Over $30 million Missing In The Canadiens’ Line-Up

There’s one constant in any sports: injuries. Every NHL team has them. Some teams even miss a key player here and there. And it a league with such parity, losing a player or two can be the difference between winning or losing. Sure, other players can step in… but usually not in the long run, particularly not if the player lost is one of your best player. While the old cliché is to say that injuries are no excuses, they remain a very important factor nonetheless.

After the Playoffs were over, Canadiens’ General Manager Marc Bergevin announced that Shea Weber would be missing this entire season and that his career was in jeopardy. Weber aggravated an ankle injury, the one he was operated on back in 2018 that limited him to 26 games that year. He also suffered a thumb injury and a knee injury.

Cash out

To start this 2021-22 season, the Canadiens have six players (including five regulars) out of their line-up. More than the number of players, the key here is the importance of those players. If salary most times equals the level of the player, those missing from the Canadiens’ line-up represent over 37% of the NHL’s maximum cap of $81.5 million. In total, the Habs are missing players with a total salary of over $30 million!

Carey Price$10,500,000
Shea Weber$ 7,857,143
Mike Hoffman$ 4,500,000
Joel Edmundson$ 3,500,000
Paul Byron$ 3,400,000
Sami Niku$ 750,000
TOTAL$30,507,143

Price is on the NHL/NHLPA Player Assistance Program. Weber and Byron are on the Long Term Injured Reserve (LTIR). Hoffman, Edmundson and Niku are on the Injury Reserve. And that’s not counting Mattias Norlinder, Josh Brook and Joel Teasdale who are on the Season Opening Injured Reserve.

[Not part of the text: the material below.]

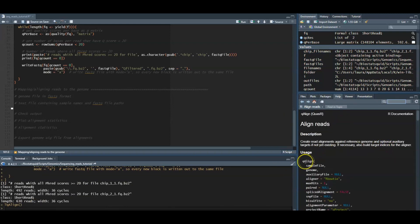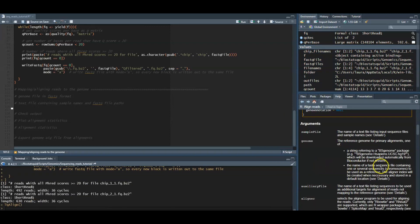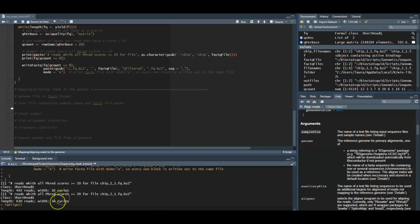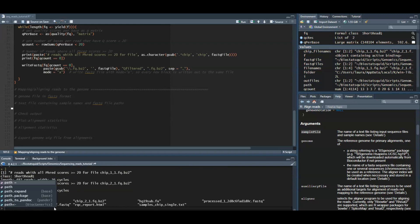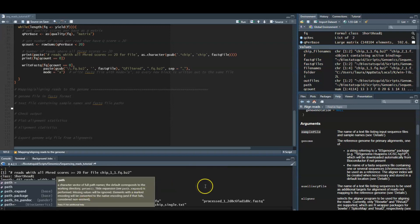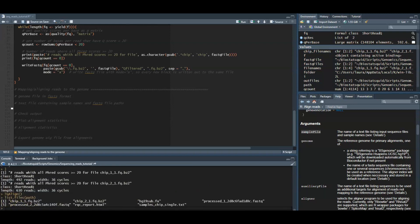First, a genome file in either FASTA format or as a BSgenome package. And second, a sample file, which is a text file and contains file paths to FASTA files and sample names. So I will just show you how the sample file looks like.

TSN Insider Pierre LeBrun was on Pinty’s Overdrive with Bryan Hayes and Dave Feschuk last week and he stated that he doesn’t think we’ll see Weber ever play again.

So the team might be off to a slow start. Fans and media are already grumbling and chomping at the bit. But they, at the very least, need to take two things into consideration. One, the impact those injured players have on the team. And two, they have a few new players and it takes time to gel and create chemistry with their new teammates, their surrounding and the system to become second nature. All of this to say that before panicking, let’s give this team the quarter of the season, around 20 games, before being too critical.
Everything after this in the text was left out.